Si ce film n'avait pas existé, je serais encore ignorant en ce qui concerne l'existence d'une ville chinoise, située près de la frontière avec la Corée du Nord, appelée Yanji, dans laquelle on parle aussi bien le coréen que le mandarin.
C'est dans ce cadre géographique que le réalisateur singapourien Anthony Chen situe son récit, en plein hiver, avec des paysages neigeux à perte de vue. Il se fait rencontrer dans cette ambiance froide trois solitudes : un jeune homme de Shanghai, ayant réussi sur le plan financier, mais qui souffre de problèmes psychologiques, l'étouffant régulièrement par l'intermédiaire de pensées suicidaires, une jeune femme, guide touristique, qui a atterri là pour échapper au traumatisme de la ruine d'un futur prometteur en tant qu'espoir en patinage artistique, du fait d'une grave blessure au pied, et il y a ce qui semble être le sex friend de cette dernière, travaillant comme cuisinier dans un restaurant tenu par des membres de sa famille...
L'ambiance, au début, est à la morosité.

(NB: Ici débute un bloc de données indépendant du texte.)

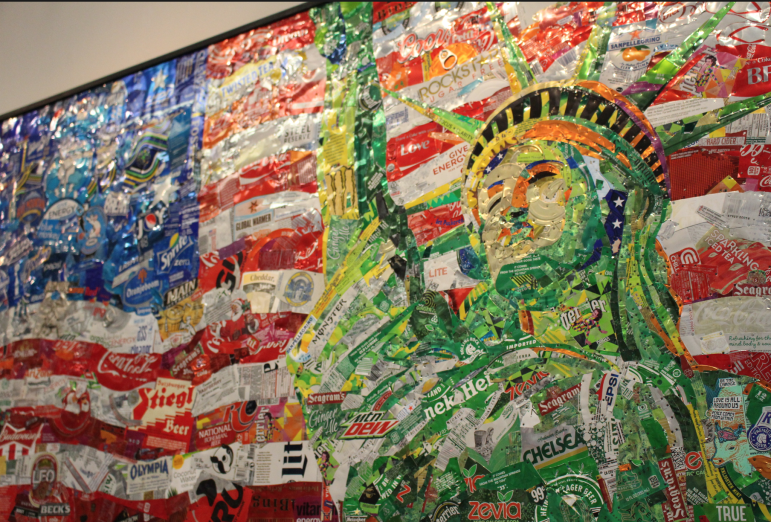 The American Flag Made of Various Aluminum Cans and Wrappers. Credit: Emma Daley.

De plus, la pandémie récente n'a rien arrangé sur les plans économique et relationnel. Un peu de chaleur humaine ne peut pas faire de mal, au contraire. Cela ne peut qu'apporter du bon.

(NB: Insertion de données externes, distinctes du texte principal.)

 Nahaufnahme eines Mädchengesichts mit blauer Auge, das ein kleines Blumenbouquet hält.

Les motifs des trois protagonistes et leurs relations restent souvent assez flous. Ce qui a pour conséquence d'obliger le spectateur à interpréter du mieux qu'il le peut les choses auxquelles il assiste. Ce qui n'est pas inintéressant en soi (pourquoi un personnage n'aurait-il pas le droit à sa part de mystères ?), mais empêche pleinement l'empathie avec les trois caractères, pour être pleinement avec eux émotionnellement, d'autant plus qu'on a affaire à des êtres normaux, comme vous et moi, vivant un drame intime. Ce n'est pas, par exemple, un thriller, un film d'espionnage ou un film d'horreur, genres dans lesquels une telle présence de l'ambiguïté aurait été plus justifiée. En outre, si le jeune suicidaire et la patineuse déchue ont un temps d'apparition assez important pour que l'on se soucie d'eux, c'est moins le cas avec le cuisinier qui est un peu trop mis de côté, alors que le fait qu'il soit le seul du trio à avoir des attaches familiales à Yanji aurait pu être nettement plus creusé pour remplir ce manque.
Ce qui est un peu dommage tout ça, car les acteurs sont très bons, en particulier les charismatiques Zhou Dongyu et Liu Haoran, la particularité du cadre géographique injecte un intérêt supplémentaire et il est toujours passionnant de voir à quoi peut ressembler le quotidien de gens ordinaires dans un pays étranger.